If you are completely honest, you may just find that you are involved in the creation of that problem.

Stop blaming somebody or something else and figure out how to solve your problem. You are allowed to ask for help – this is why we have friends. But the ultimate responsibility for solving your problems is yours.

Oh yes, this might be a good time to inform you of something a friend of mine told me once. He said, “You will have sixty-eight problems in your life. That does not mean if you solve one problem you now have sixty-seven problems. The problem you solved will be replaced with a new problem! Its just that you will always have sixty-eight problems!”

I think that is worth noting because there is no such thing as a life without problems. Edison was deaf, Stevie Wonder is blind, and I have no sense of smell. Everyone has problems!

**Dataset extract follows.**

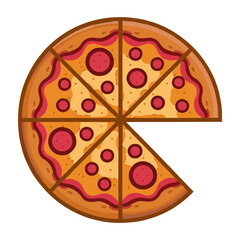 Freshly baked pepperoni pizza, a gourmet meal with vegetables illustration Free Vector clipart isolated icon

The difference is in what you do about your problems. Are you going to solve your problems and turn life’s lemons into the proverbial lemonade, or are you just going complain about them?

For what its worth





Tuesday, May 25, 2004

“The secret of getting ahead is getting started.” - Mark Twain

How many times have you heard someone (maybe even yourself?) say, “Someday I’m going to…” You can fill in the blank.

Getting started isn’t always easy. In fact, I think it’s the hardest part of any undertaking. I really believe it’s the getting started that stops most people.

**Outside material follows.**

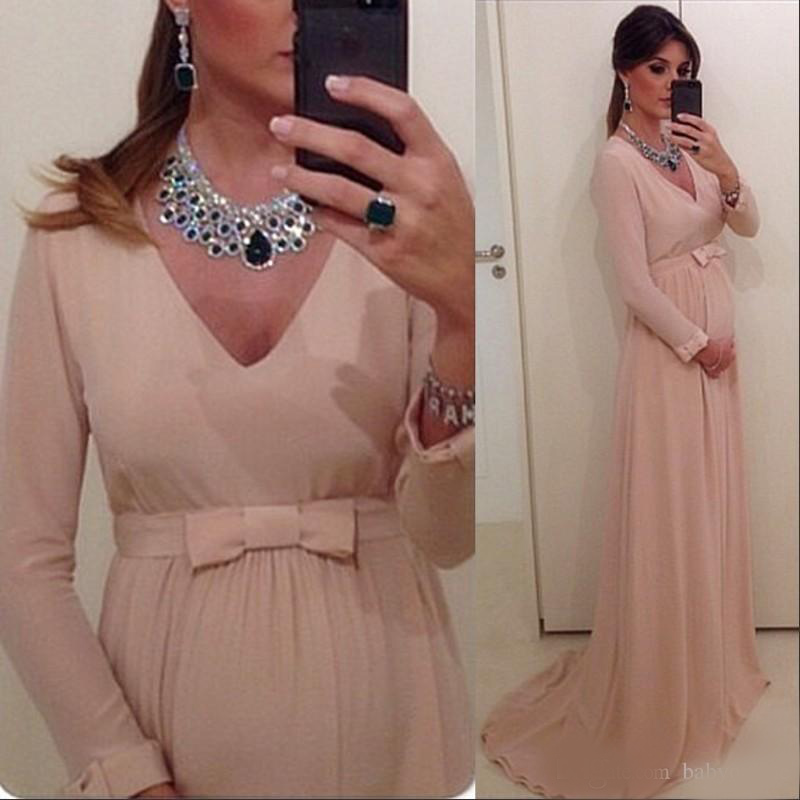 Chiffon Long Sleeves V Neck Cheap Maternity Evening Dresses Sweep Train Plus Size Custom Inexpensive Baby Shower Dresses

In fact, I think the people who manage to really get ahead are the ones who find some way, anyway, of getting started. If you have ever driven a manual transmission vehicle, you may have had to give it a push start. To do this you get the car rolling with a push, slip the transmission into second gear, and then pop the clutch. It’s not pretty, but more importantly, it works and its kind of fun!

I’ve been involved in the process of push starting manual transmission vehicles more times than I can count. Although pushing a car is a lot of work, it’s kind of fun to be part of the process. I think the real reason I enjoy it, is because of the end result. Usually, everyone is smiling.

Maybe its because they were part of starting something…for what its worth





Wednesday, May 19, 2004

The future is purchased by the present

I have long held to the belief that tomorrow begins today. I try to use today to setup for the things I want to accomplish tomorrow.

I often practice this in small ways. As an example, I usually set out my clothes for work the night before. That way the next morning I don’t waste any time deciding and picking out clothes if I happen to be running behind.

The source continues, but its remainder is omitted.